**Problem requirements**
Return, exactly as written, the lines of the material from its top through the line with "FILE - U.S.", keeping pictures out.

+ + + + +

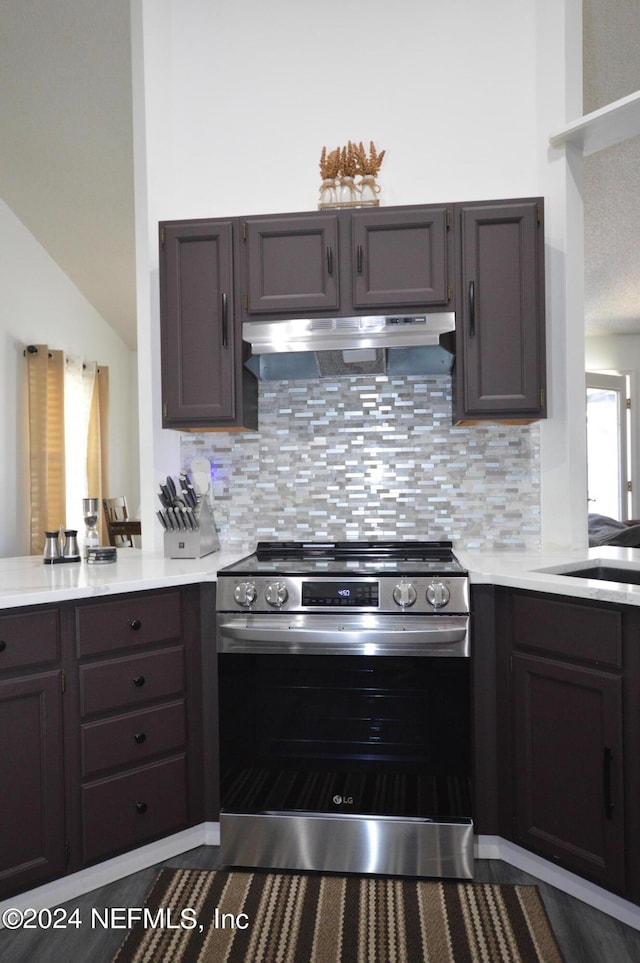 kitchen featuring backsplash, dark brown cabinetry, vaulted ceiling, sink, and stainless steel electric range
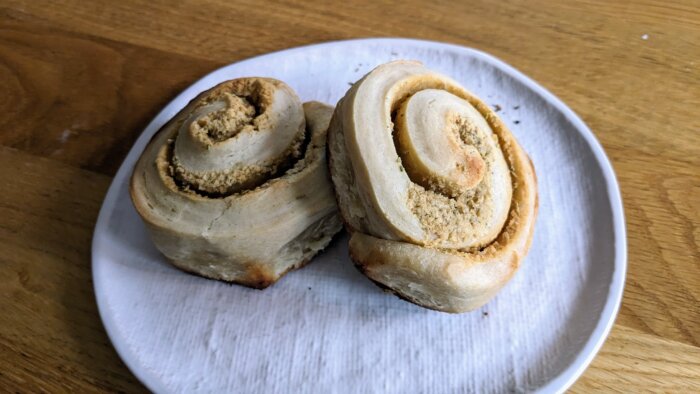 Two garlic rosemary rolls on a white plate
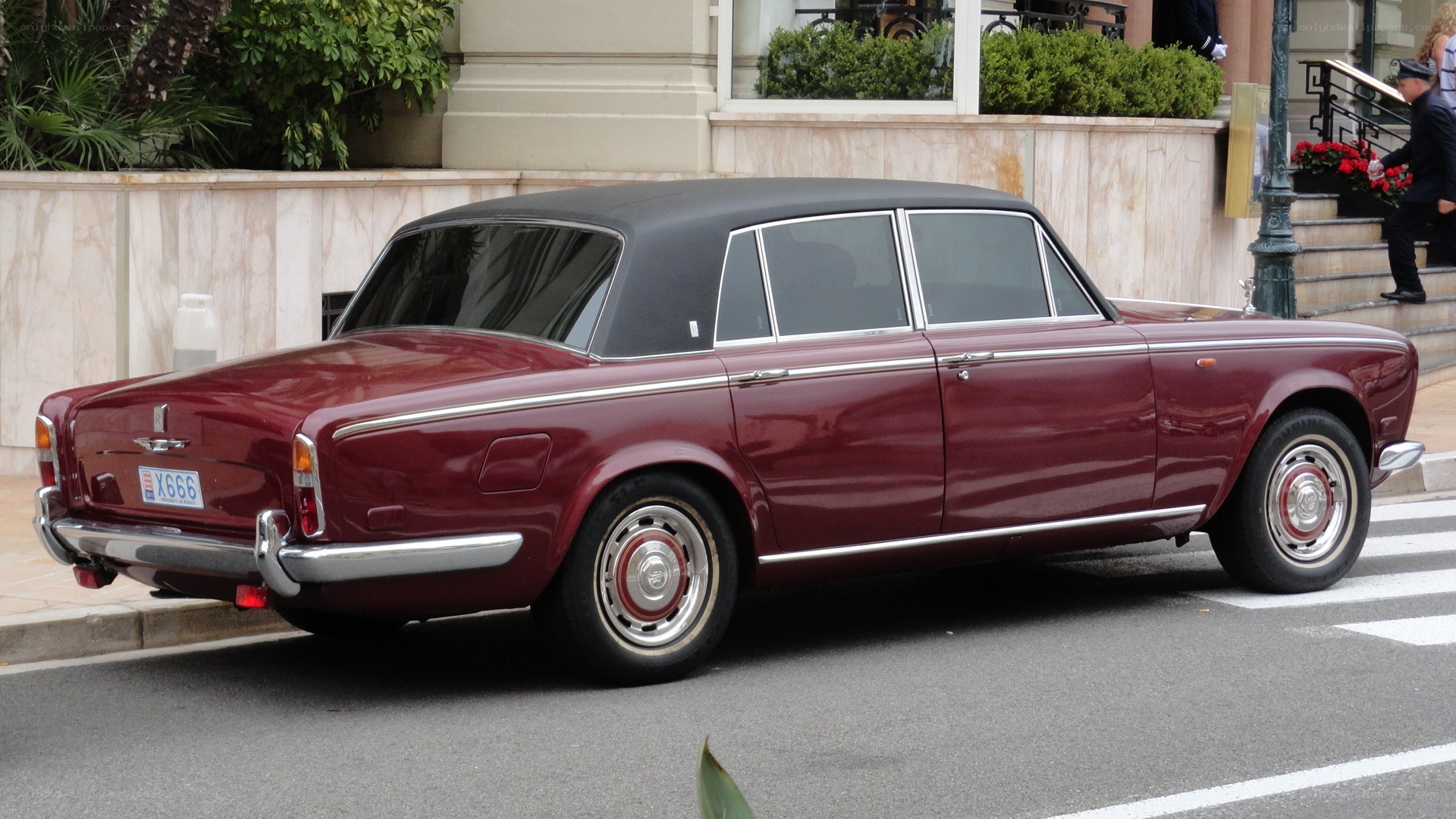 maroon vintage car on street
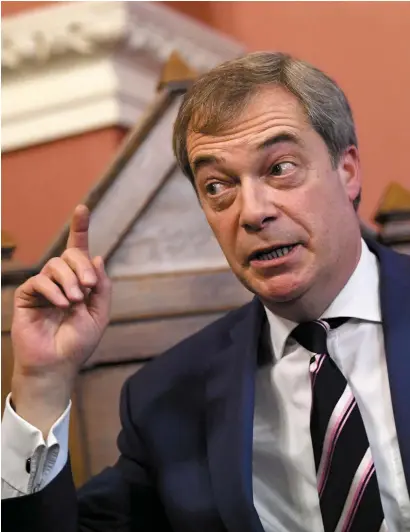  ??  ?? Former Ukip leader Nigel Farage speaking at Trinity College Dublin at the weekend. Photo: Reuters. Inset below: Irish EU Commission­er Phil Hogan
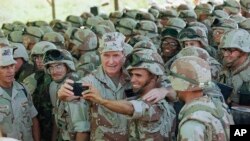 FILE - U.S. President George H. Bush holds a camera at arm's length for a self-portrait with Marines at Baidoa's airport, Jan. 1, 1993 in Baidoa. 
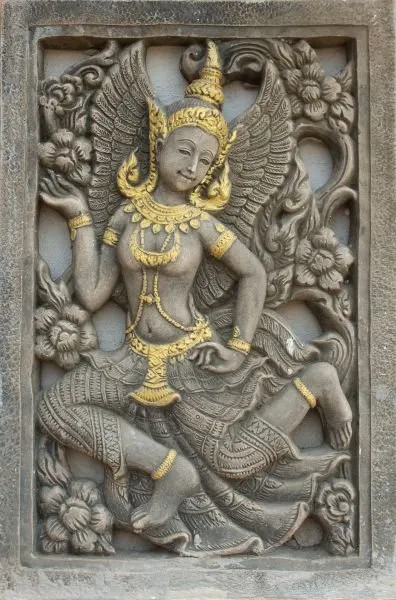 A winged celestial dancer with gilded crown and jewellery, within a carved grey stone frame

+ + + + +

**Response**
 kitchen featuring backsplash, dark brown cabinetry, vaulted ceiling, sink, and stainless steel electric range
 Two garlic rosemary rolls on a white plate
 maroon vintage car on street
  ??  ?? Former Ukip leader Nigel Farage speaking at Trinity College Dublin at the weekend. Photo: Reuters. Inset below: Irish EU Commission­er Phil Hogan
 FILE - U.S. President George H. Bush holds a camera at arm's length for a self-portrait with Marines at Baidoa's airport, Jan. 1, 1993 in Baidoa. 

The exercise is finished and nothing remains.